M. le comte Molé. Voilà M. le ministre du commerce et des travaux publics qui retombe dans le grandiose; et le grandiose, si désirable lorsqu il s'agit de monuments tels que le Louvre, je le regarde comme le fléau des travaux de pure utilité.

Comme l'a dit M. le ministre des travaux publics, l'idée de faire des chemins de fer ne vient pas tout d'un coup, il faut qu'elle germe d'abord dans la tête d'un homme de l'art; c'est presque toujours un ingénieur en rapport avec des capitalistes qui leur suggérera l'idée d'une entreprise de cette espèce. Pourquoi ne laissez-vous pas ces capitalistes, et l'ingénieur qui a leur confiance, étudier et rédiger le projet? M. le ministre des travaux publics craint que ce projet ne soit pas suffisamment étudié, et qu'il n'entraîne des dépenses qui excéderont les moyens de l'homme qui veut former une compagnie.

Messieurs, n'ayons pas tant de sollicitude pour l'industrie particulière, et laissons-lui plus de liberté; surtout ne prétendons pas la tenir en tutelle, et savoir mieux qu'elle ce qui lui convient. Si elle se présente avec un projet dont le le succès vous paraisse douteux, laissez-lui en tous les risques; et croyez-moi, elle ne s'en plaindra pas. En vous réservant sur elle un contrôle dont vous paraissez si jaloux, vous la dégoûterez sans retour. Elle seule a le secret du juste rapport des avantages et des dépenses; elle seule sait approprier les travaux à leur fin; elle seule sait éviter les folles dépenses où entraîne précisément le grandiose dans les travaux qui ne le réclament pas.

M. Thiers, ministre du commerce et des travaux publics. Un gouvernement est heureux lorsqu'on ne peut lui reprocher que trop de sollicitude pour l'industrie du pays. L'utilité de cette sollicitude a été reconnue dans un grand nombre d'occasions. Beaucoup de crises commerciales n'auraient pas eu lieu, si le gouvernement avait eu le droit d'intervenir. Ainsi, vous vous rappelez les désastres qu'amena, il y a

quelques années, la fureur des constructions.
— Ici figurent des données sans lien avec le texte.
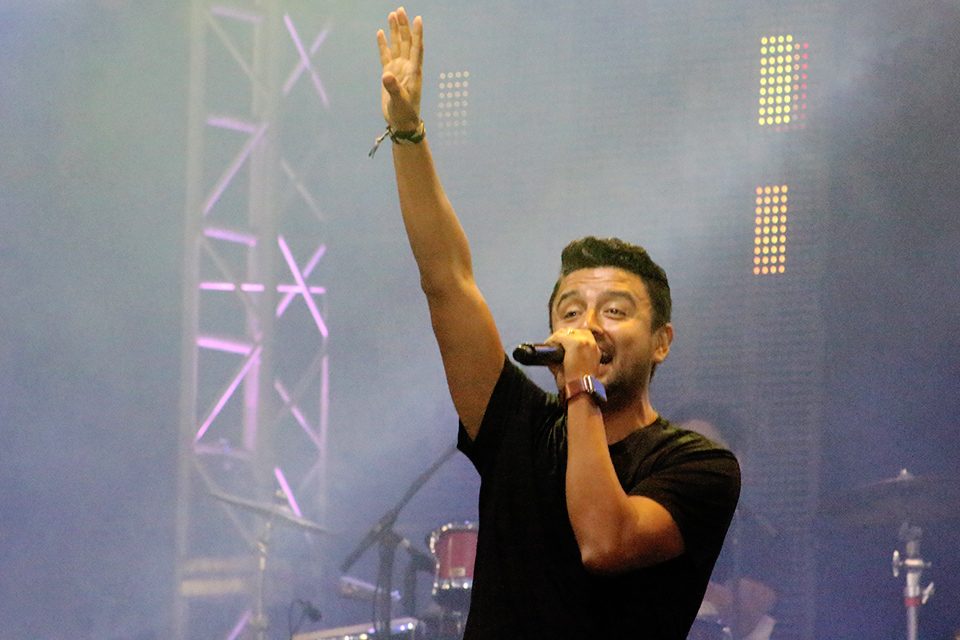 Alex Campos singing with hand raised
Si
le gouvernement avait pu exercer, à cet égard,
la sollicitude qu'il lui est permis d'exercer dans
les travaux publics, beaucoup de ruines eussent
été épargnées, beaucoup de travaux qui sont
devenus inutiles, n'auraient pas été entrepris.
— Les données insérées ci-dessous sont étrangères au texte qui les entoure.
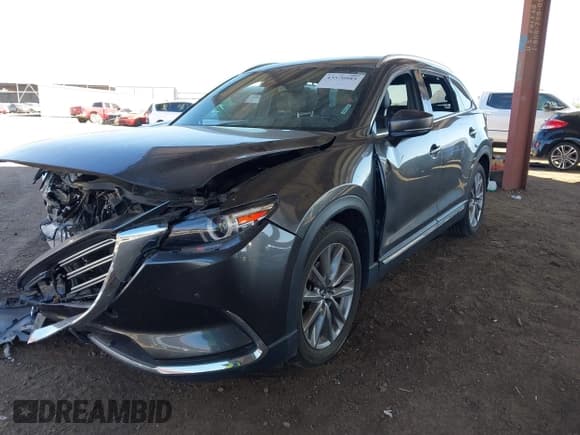 ✅ 2020 Mazda CX-9 Grand Touring • VIN: JM3TCADY0L0412697 • Lot: 43570985. Listed on IAAI with 59,725 mi. Free auction sales archive from the USA and detailed vehicle history report at DreamBid. Image 2.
Il me semble que lorsque le gouvernement
peut éclairer l'industrie particulière, il a raison
de le faire.

Je citerai deux faits qui sont à votre connaissance. Deux hommes honorables, très capables, très actifs, ont voulu faire les études de 2 grands canaux. Qu'en est-il arrivé? Ils ont dépensé des sommes énormes, et aujourd'hui ils ne trouvent pas de capitalistes pour venir à leur secours, pour exécuter les entreprises dont ils ont étudié les projets à leurs frais; car une compagnie ne se forme pas pour faire des études, une compagnie se forme pour accepter des projets déjà étudiés.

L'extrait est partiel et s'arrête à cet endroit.